**Problem statement**
Output the line that contains "Lemaire Ribbed Sleeveless Top With In Black" together with each line after it, through the final line of the listing below, word for word; omit pictures.

**Available data**
════════════════

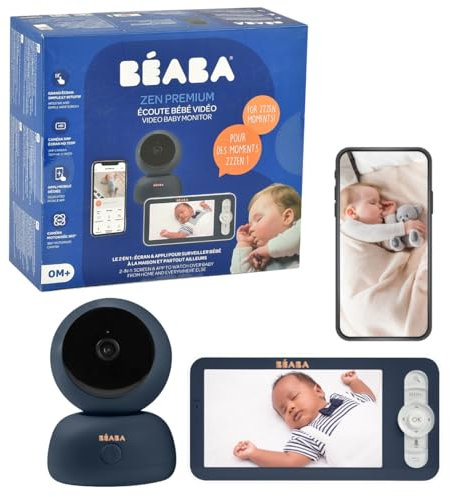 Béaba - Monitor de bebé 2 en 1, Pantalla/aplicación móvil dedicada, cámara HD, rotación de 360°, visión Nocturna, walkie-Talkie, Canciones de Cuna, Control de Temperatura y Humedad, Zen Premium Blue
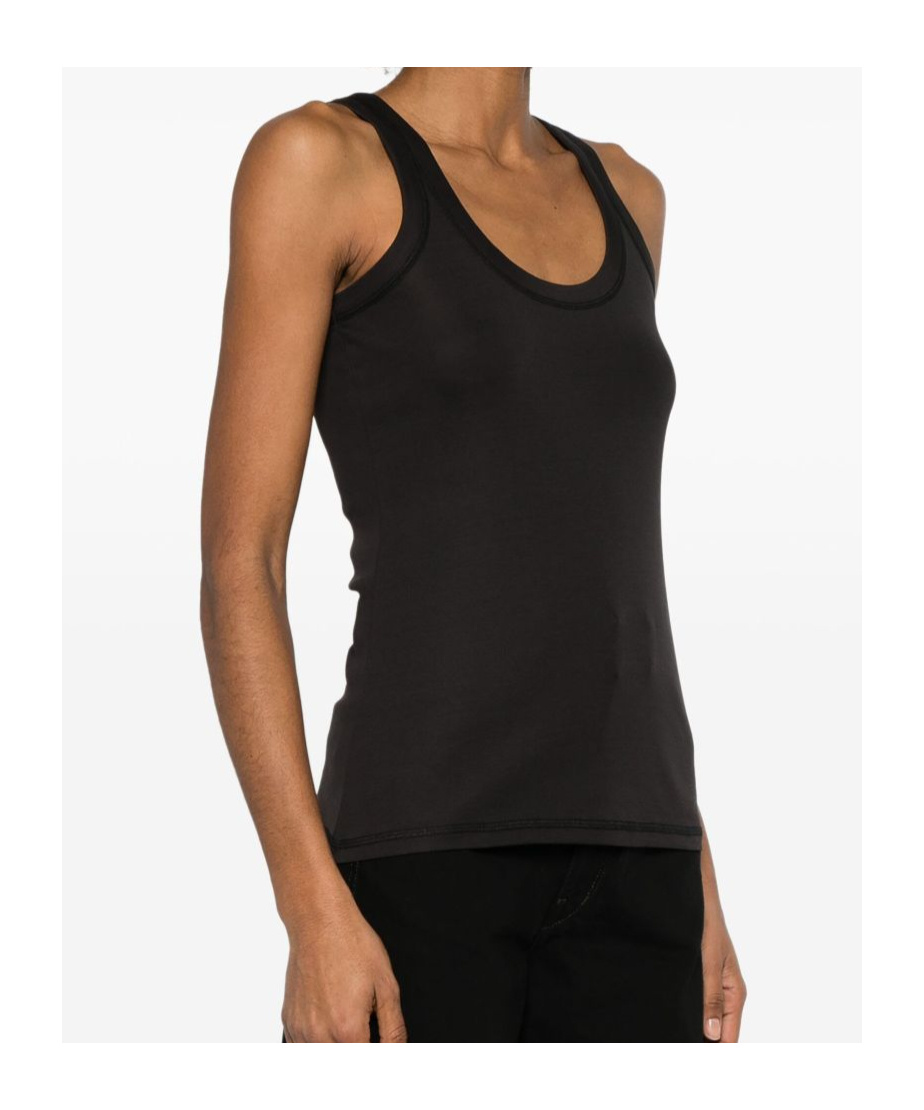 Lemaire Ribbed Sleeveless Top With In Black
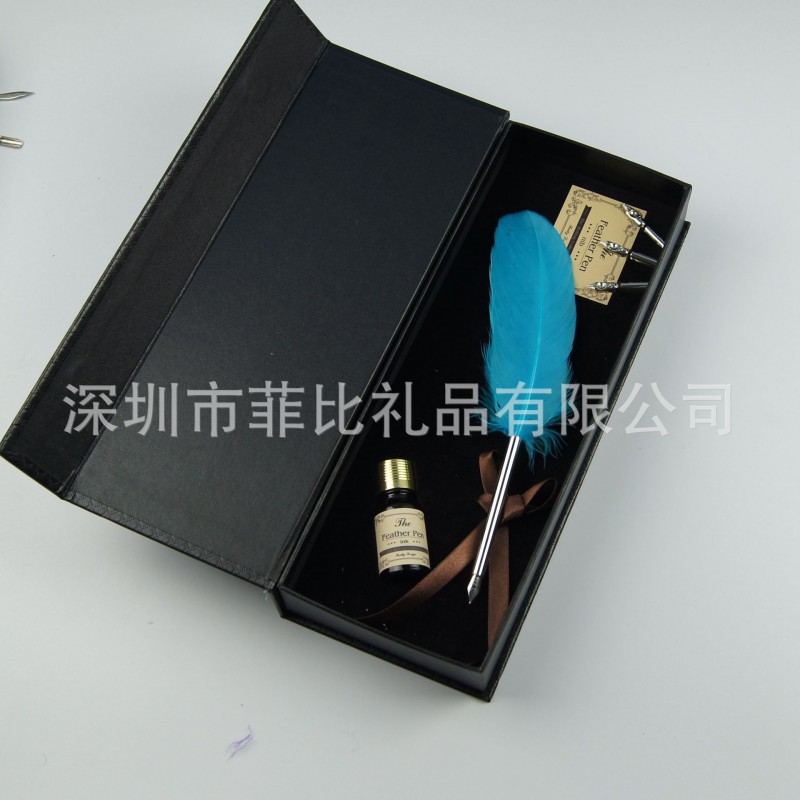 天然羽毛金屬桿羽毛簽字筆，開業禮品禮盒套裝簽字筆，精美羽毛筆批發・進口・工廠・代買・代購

════════════════

**Expected answer**
 Lemaire Ribbed Sleeveless Top With In Black
 天然羽毛金屬桿羽毛簽字筆，開業禮品禮盒套裝簽字筆，精美羽毛筆批發・進口・工廠・代買・代購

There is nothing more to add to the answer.